EXERCISE ▸ With the pictures omitted, output word for word the lines from the one containing "Comfortable Women's Multi" through the end of the records.

= Beginning of Section =

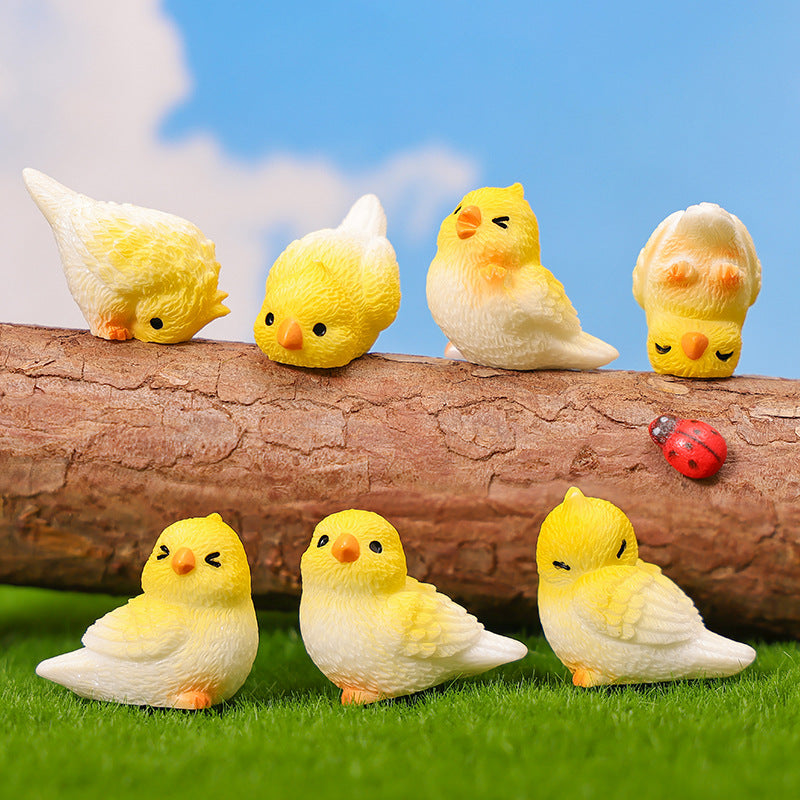 Mini Yellow Parrot Figurine in Eight Playful Poses, Tiny Bird Accent for Fairy Gardens, Desks, Bookshelves and Cheerful Gifts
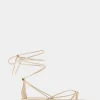 Comfortable Women's Multi Strap Lace Up Sandal in Soft Gold Faux Leather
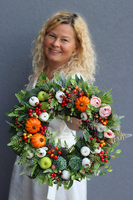 dyniowy wianek na drzwi, Jesień u Progu, śr.40cm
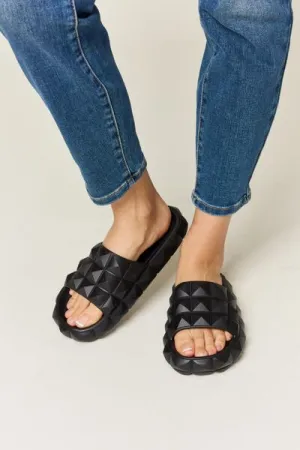 Hazel Blues® |  WILD DIVA Pyramid Stud Toe Band Footbed Sandals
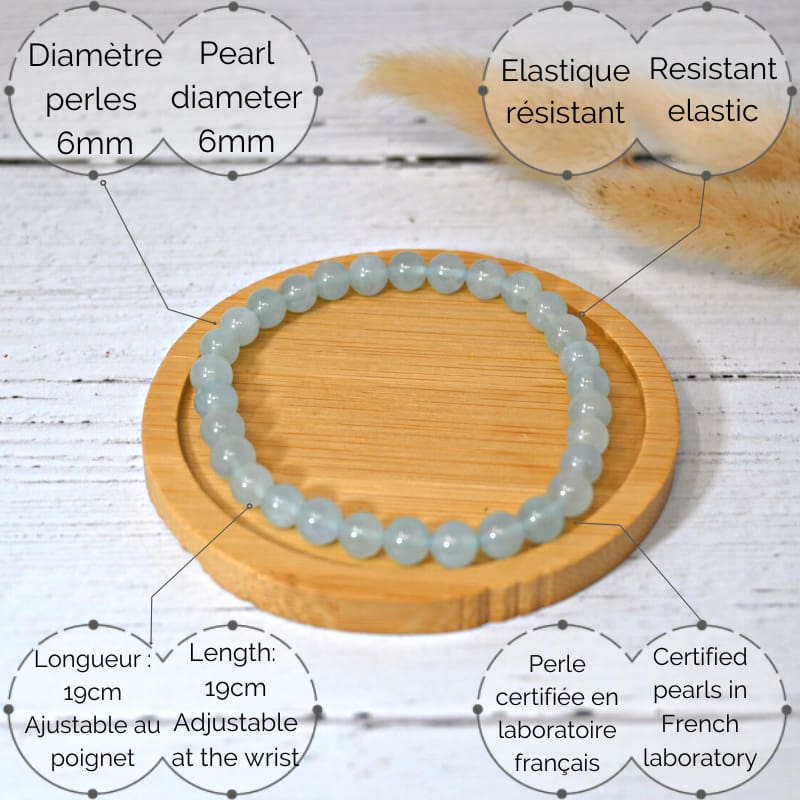 Bracelet Aigue marine pierre naturelle lithothérapie Taille 6 mm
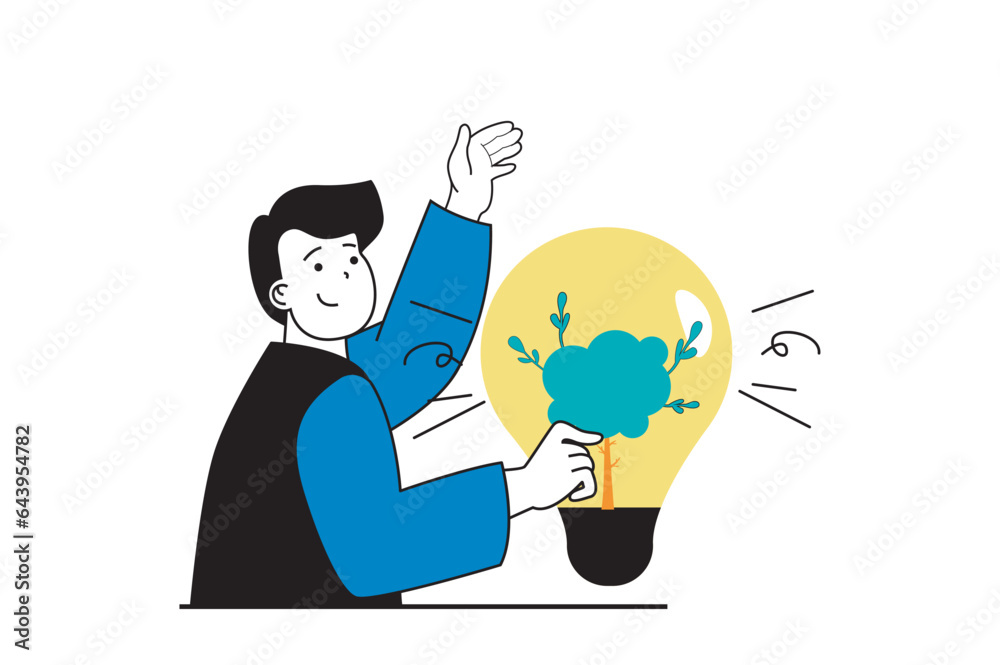 Poster green energy concept with people scene in flat web design. man using green clean energy generation t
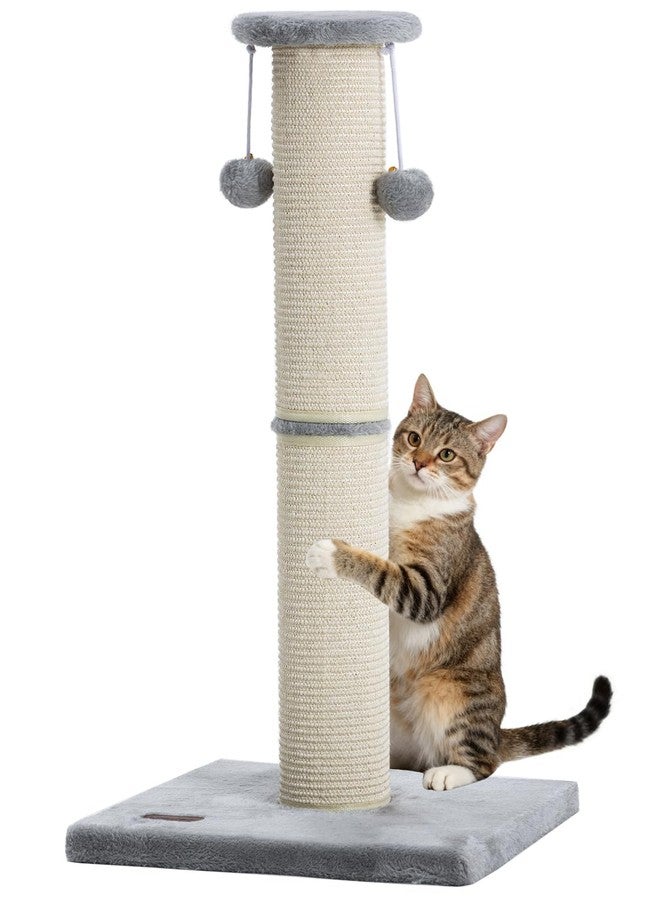 Kilodor Cat Scratching Post 34 Inches Large Sturdy Cat Post with Replaceable Sisal Scratcher and Hanging Ball Scratching Post for Indoor Cats Adult Grey - Image 1
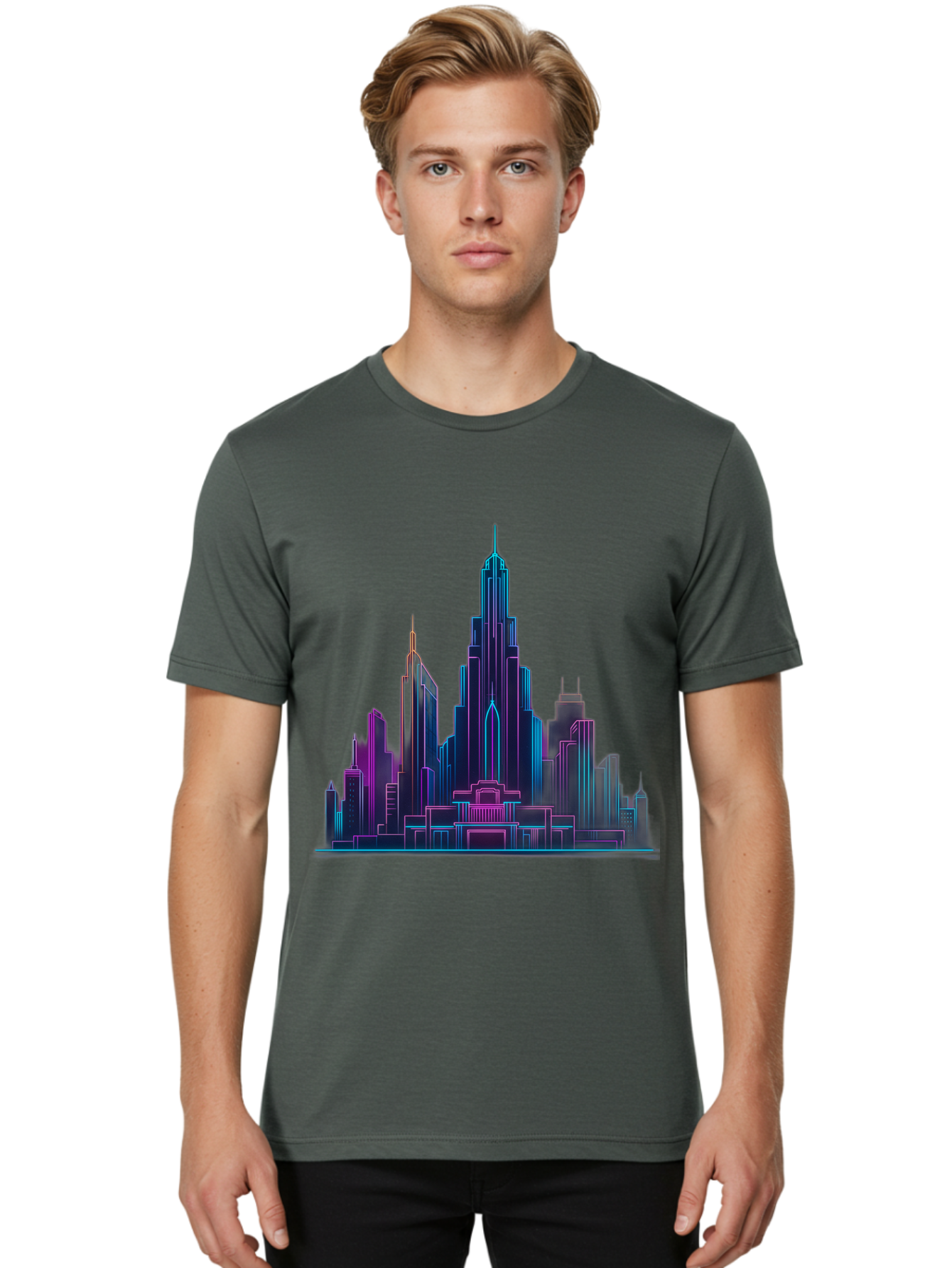 Cityscape-Skyscrapers Men'S Graphic Tee, 100% Cotton, Comfortable Casual Summer Wear, Machine Washable, City Skyline, Futuristic Architecture, Neon Lights, Modern Buildings, Urban Landscape, Skyscrapers, Cityscape, Contemporary Design, Baa321 12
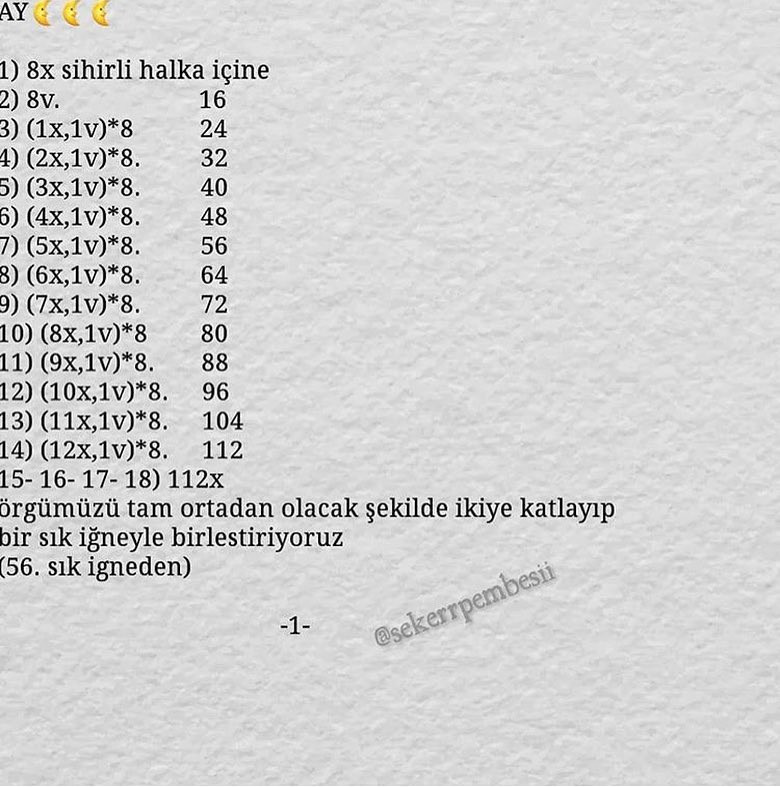 Amigurumi Banana Moon Crochet Pattern: Complete Chart for Body, Nose, and Eyes in Turkish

= End of Section =

SOLUTION FOR THIS PROBLEM ▸
 Comfortable Women's Multi Strap Lace Up Sandal in Soft Gold Faux Leather
 dyniowy wianek na drzwi, Jesień u Progu, śr.40cm
 Hazel Blues® |  WILD DIVA Pyramid Stud Toe Band Footbed Sandals
 Bracelet Aigue marine pierre naturelle lithothérapie Taille 6 mm
 Poster green energy concept with people scene in flat web design. man using green clean energy generation t
 Kilodor Cat Scratching Post 34 Inches Large Sturdy Cat Post with Replaceable Sisal Scratcher and Hanging Ball Scratching Post for Indoor Cats Adult Grey - Image 1
 Cityscape-Skyscrapers Men'S Graphic Tee, 100% Cotton, Comfortable Casual Summer Wear, Machine Washable, City Skyline, Futuristic Architecture, Neon Lights, Modern Buildings, Urban Landscape, Skyscrapers, Cityscape, Contemporary Design, Baa321 12
 Amigurumi Banana Moon Crochet Pattern: Complete Chart for Body, Nose, and Eyes in Turkish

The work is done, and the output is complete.